*** Opening Data shown ***

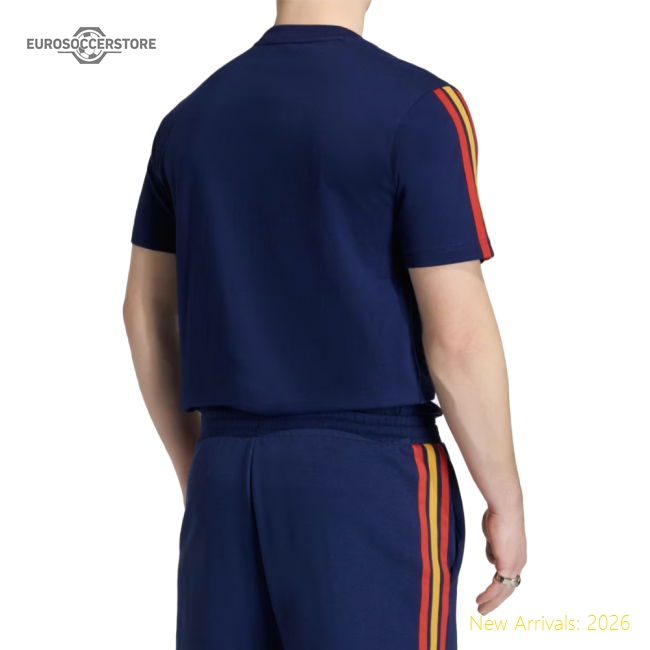 2026-2027 Spain DNA Tee (Dark Blue)-Football Jersey Hub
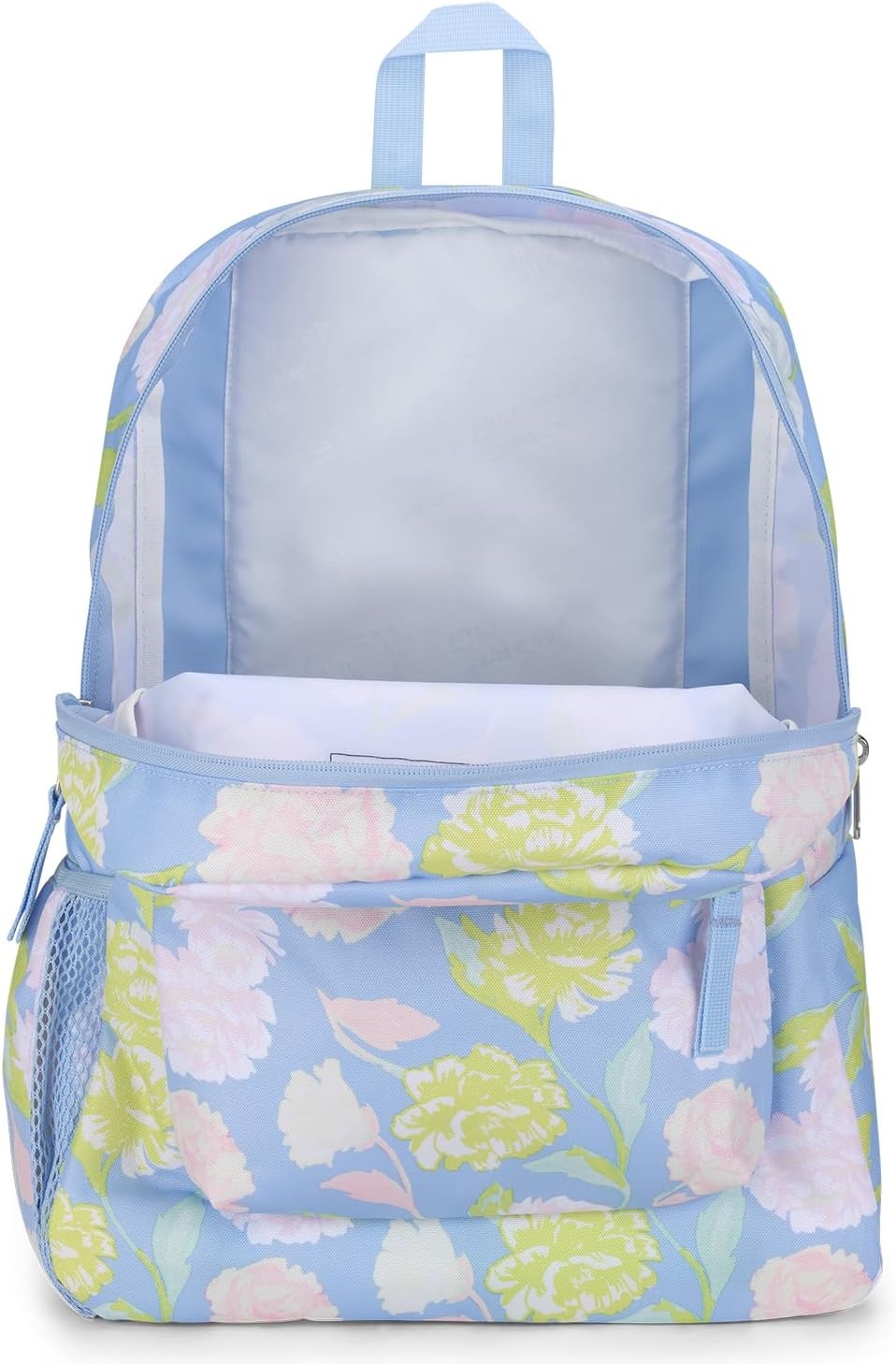 image:imageJanSport Cross Town Backpack 17 x 125 x 6 Simple Bag for Everyone with 1 Main Compartment Front Utility Pocket Premium Class Accessories BlackAutumn Tapestry Hydrangea
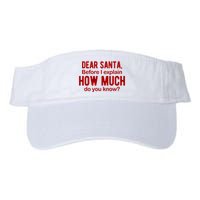 Dear Santa Before I Explain How Much Do You Know Funny Christmas Visor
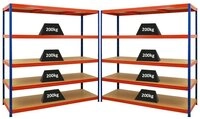 PROREGAL&reg; Schwerlastregal MegaDeal Garagenregal Kellerregal Steckregal...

*** Closing Data shown ***

Output the material above exactly, without pictures.

 2026-2027 Spain DNA Tee (Dark Blue)-Football Jersey Hub
 image:imageJanSport Cross Town Backpack 17 x 125 x 6 Simple Bag for Everyone with 1 Main Compartment Front Utility Pocket Premium Class Accessories BlackAutumn Tapestry Hydrangea
 Dear Santa Before I Explain How Much Do You Know Funny Christmas Visor
 PROREGAL&reg; Schwerlastregal MegaDeal Garagenregal Kellerregal Steckregal...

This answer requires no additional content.